PROBLEM STATEMENT:
Return the entries that follow exactly, with no images.

DATA FOR THIS TASK:
########################################

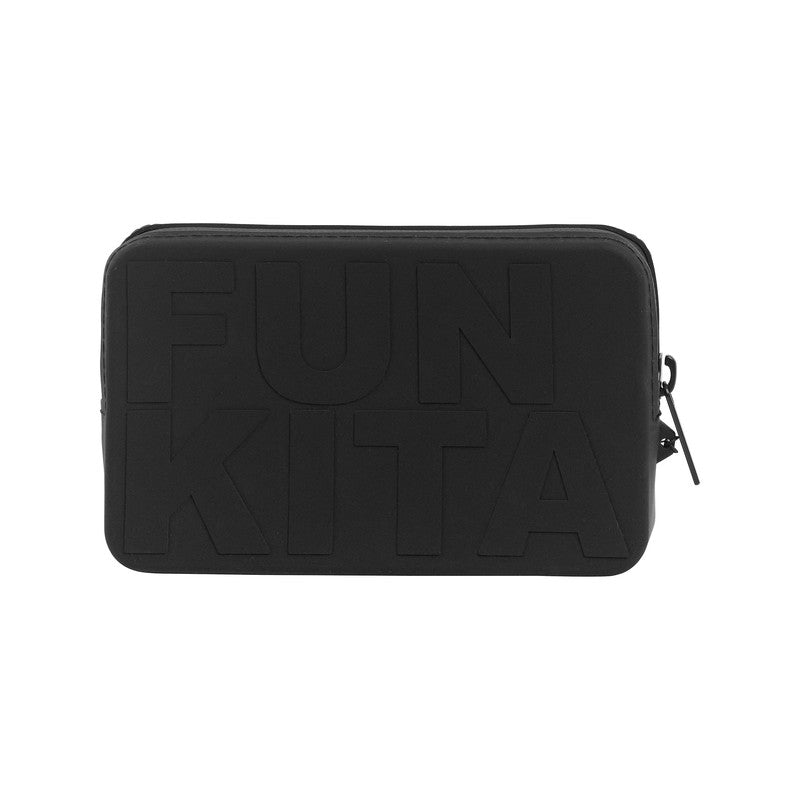 Funkita Catch Up Clutch Bag-Clutch Bag-Funkita-ONE SIZE-Mint Kiss-Ashlee Grace Activewear & Swimwear Online
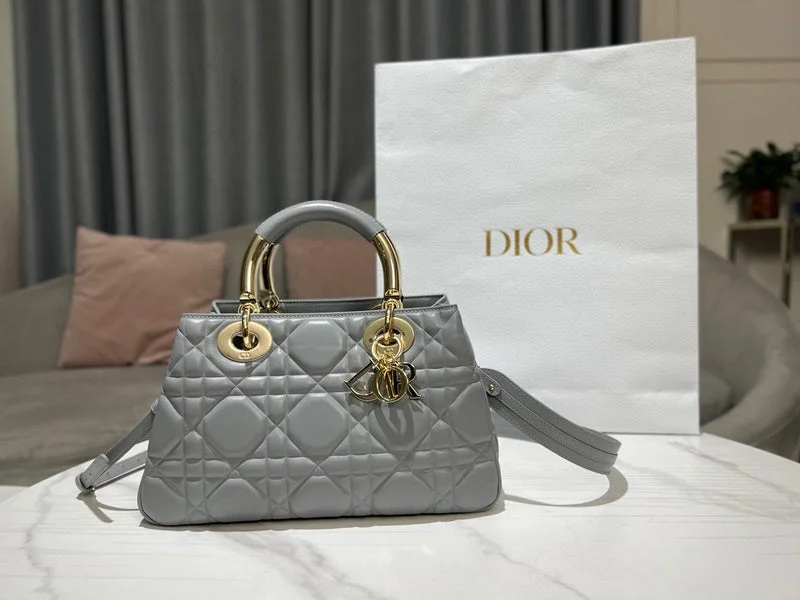 High - fashion Christian Dior bags with a geometric patternGAK BAGZ - Dior Bags - 2393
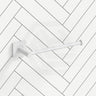 Fienza Sansa Hand Towel Rail/Roll Holder Available In Colours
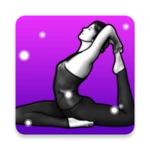 Logo of Yoga Workout - Daily Yoga android Application 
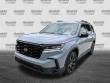 2025 Honda Pilot Black Edition SUV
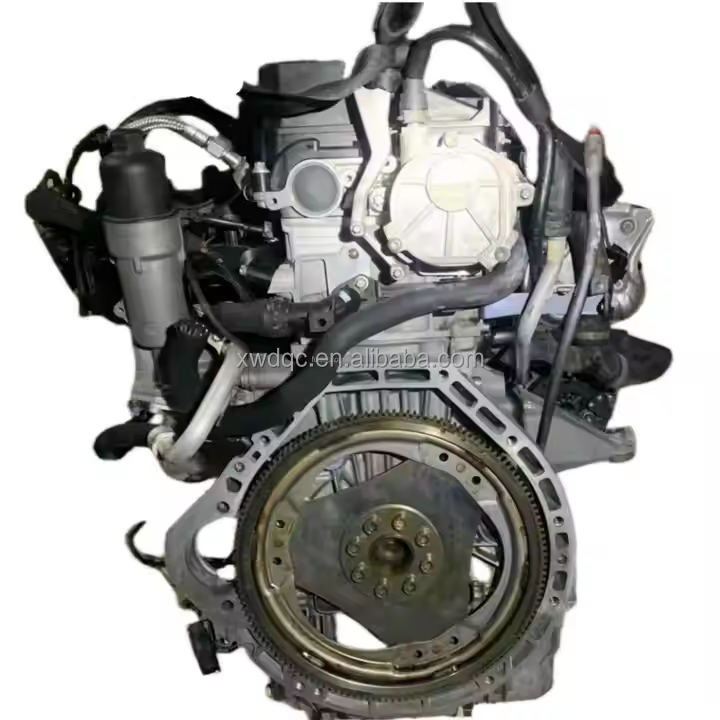 Mercedes-benz M271860 1.8T Engine - Factory Price & Quality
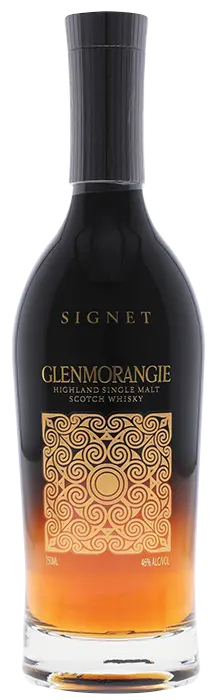 Picture of GLENMORANGIE SIGNET 750ML x 4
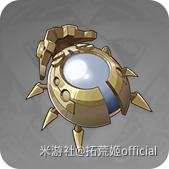 原神桑多涅突破材料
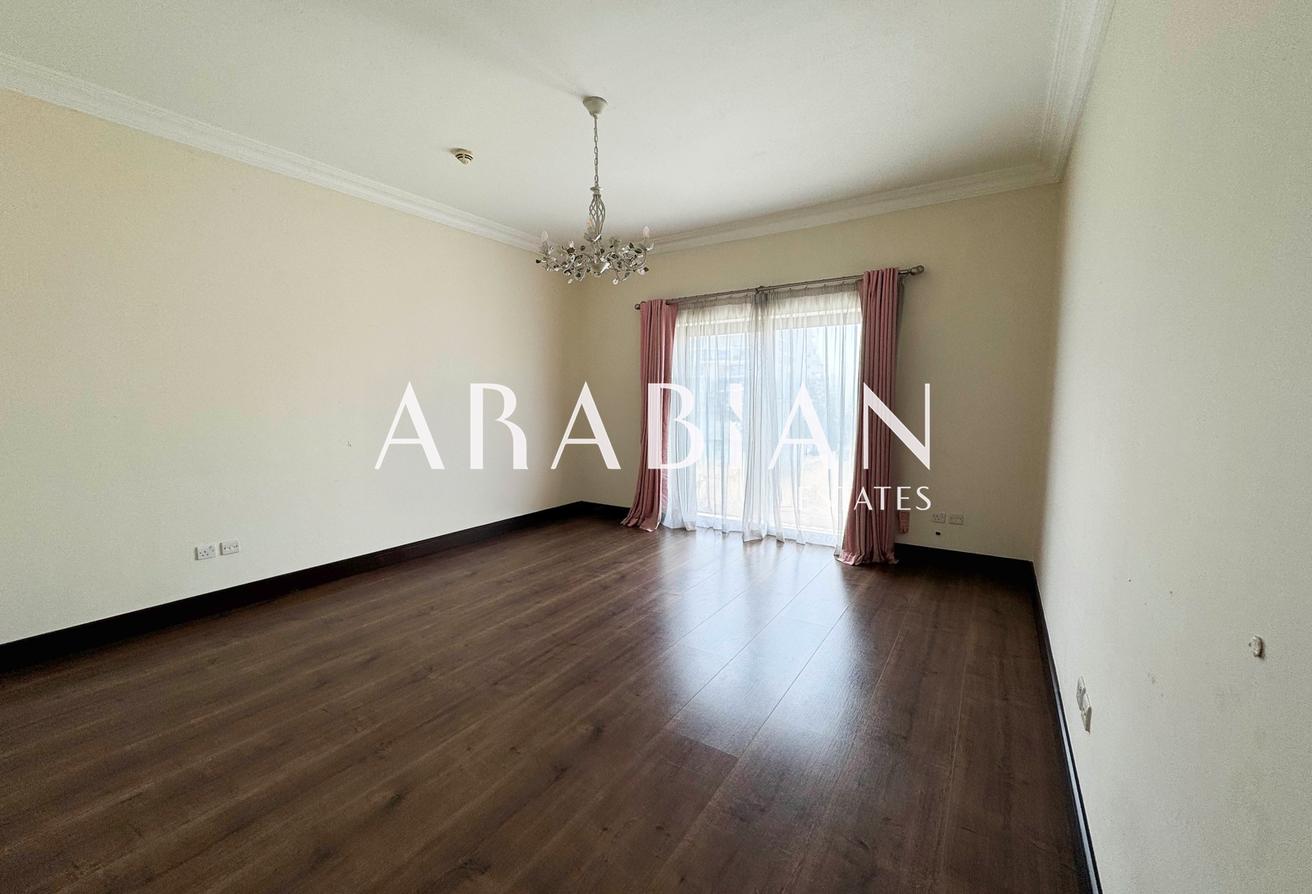High Floor | Park Views | 3 Bedrooms Penthouse photo 16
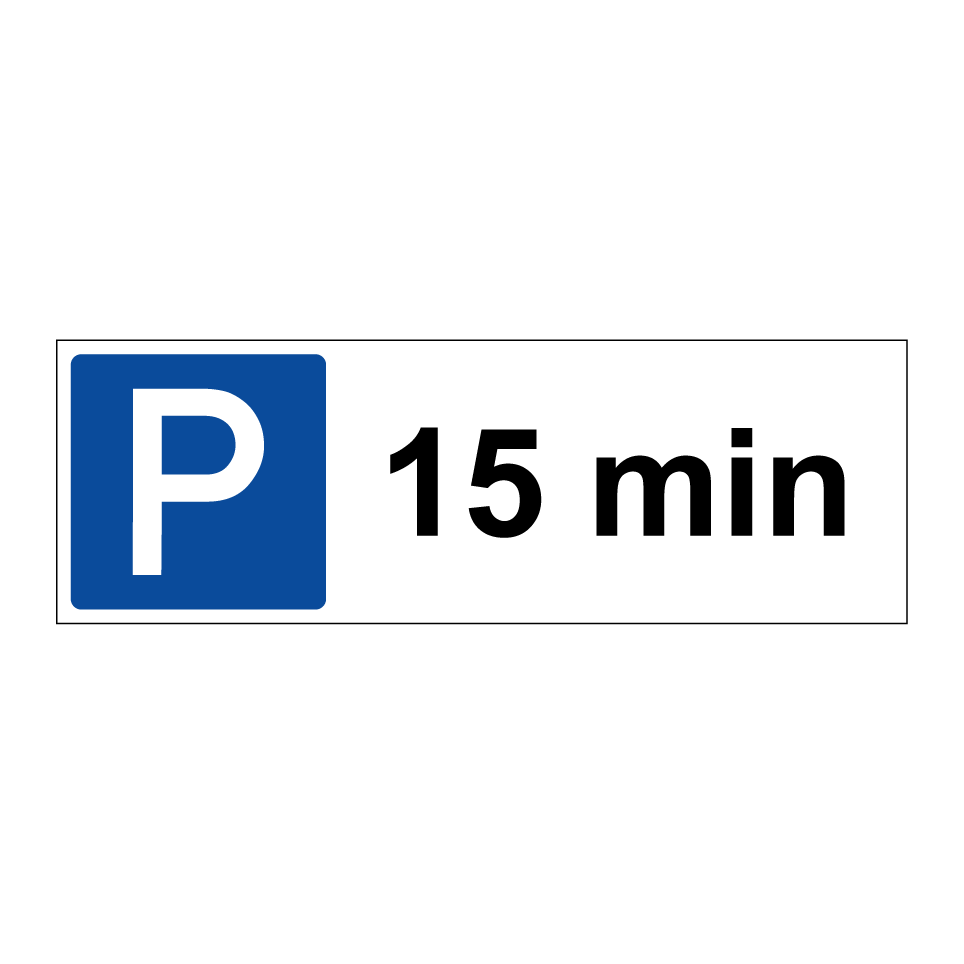15 min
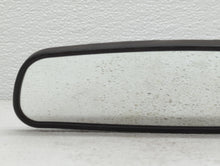 2000 Toyota Camry Interior Rear View Mirror Replacement OEM P/N:E11015306 E8011681 Fits OEM Used Auto Parts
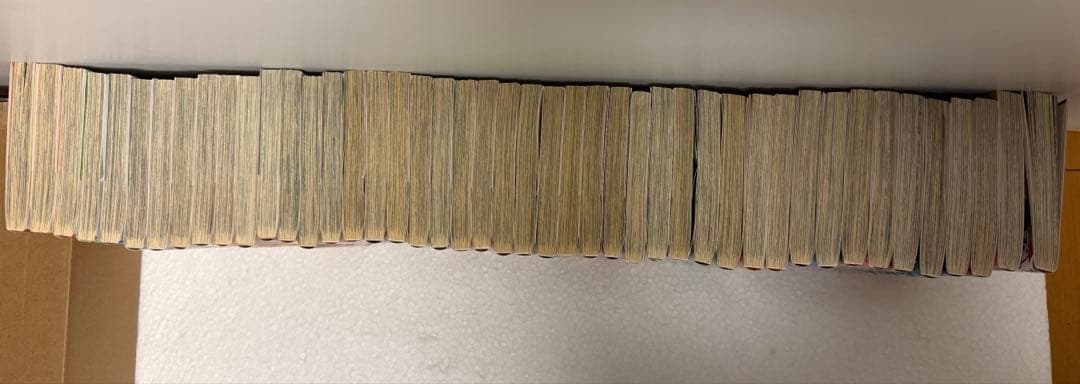 ちはやふる 1巻〜50巻 一部抜けあり 45冊 - メルカリ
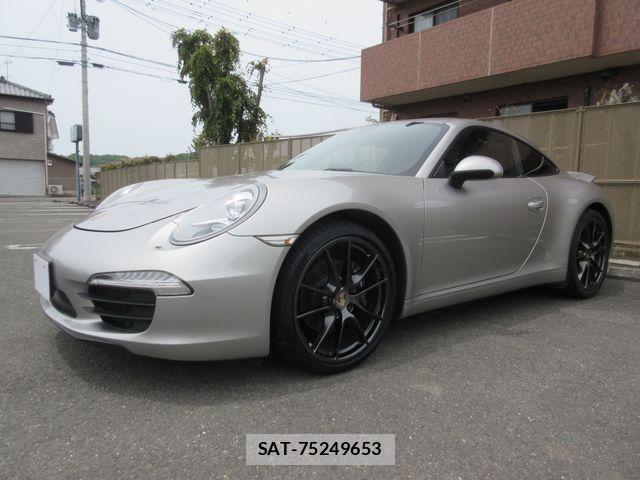 Porsche 911 2012-11 6677494-8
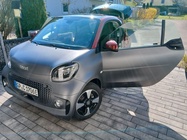 Smart ForTwo 2021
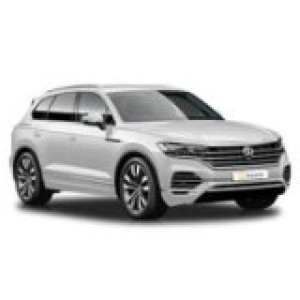 Touareg 2018-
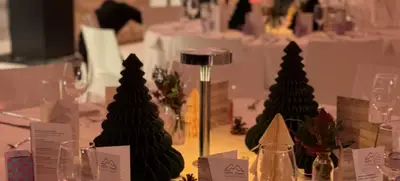 Foto von X-Mas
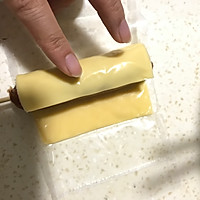 芝士热狗肠的做法图解2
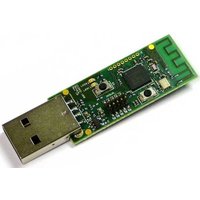 Texas Instruments CC2531EMK Entwicklungsboard 1St. von Texas Instruments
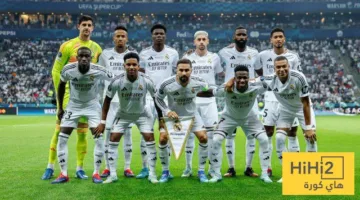 صورة تعكس إنجازات ريال مدريد أمام الأندية العالمية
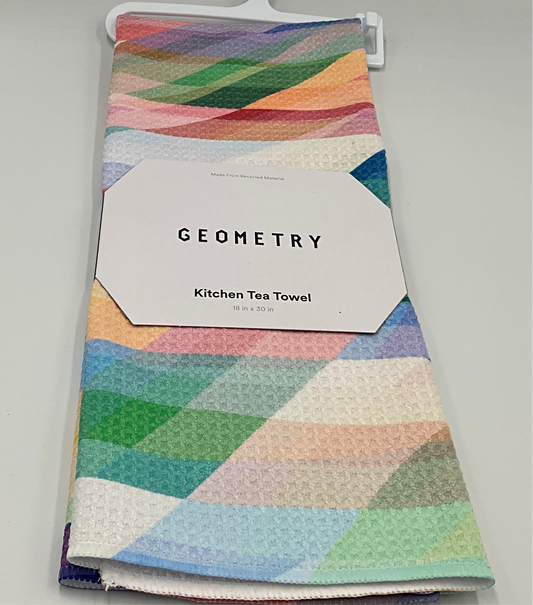 Geom Tea Eventide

########################################

SOLVED EXERCISE:
 Funkita Catch Up Clutch Bag-Clutch Bag-Funkita-ONE SIZE-Mint Kiss-Ashlee Grace Activewear & Swimwear Online
 High - fashion Christian Dior bags with a geometric patternGAK BAGZ - Dior Bags - 2393
 Fienza Sansa Hand Towel Rail/Roll Holder Available In Colours
 Logo of Yoga Workout - Daily Yoga android Application 
 2025 Honda Pilot Black Edition SUV
 Mercedes-benz M271860 1.8T Engine - Factory Price & Quality
 Picture of GLENMORANGIE SIGNET 750ML x 4
 原神桑多涅突破材料
High Floor | Park Views | 3 Bedrooms Penthouse photo 16
15 min
 2000 Toyota Camry Interior Rear View Mirror Replacement OEM P/N:E11015306 E8011681 Fits OEM Used Auto Parts
 ちはやふる 1巻〜50巻 一部抜けあり 45冊 - メルカリ
 Porsche 911 2012-11 6677494-8
 Smart ForTwo 2021
 Touareg 2018-
 Foto von X-Mas
 芝士热狗肠的做法图解2
 Texas Instruments CC2531EMK Entwicklungsboard 1St. von Texas Instruments
 صورة تعكس إنجازات ريال مدريد أمام الأندية العالمية
 Geom Tea Eventide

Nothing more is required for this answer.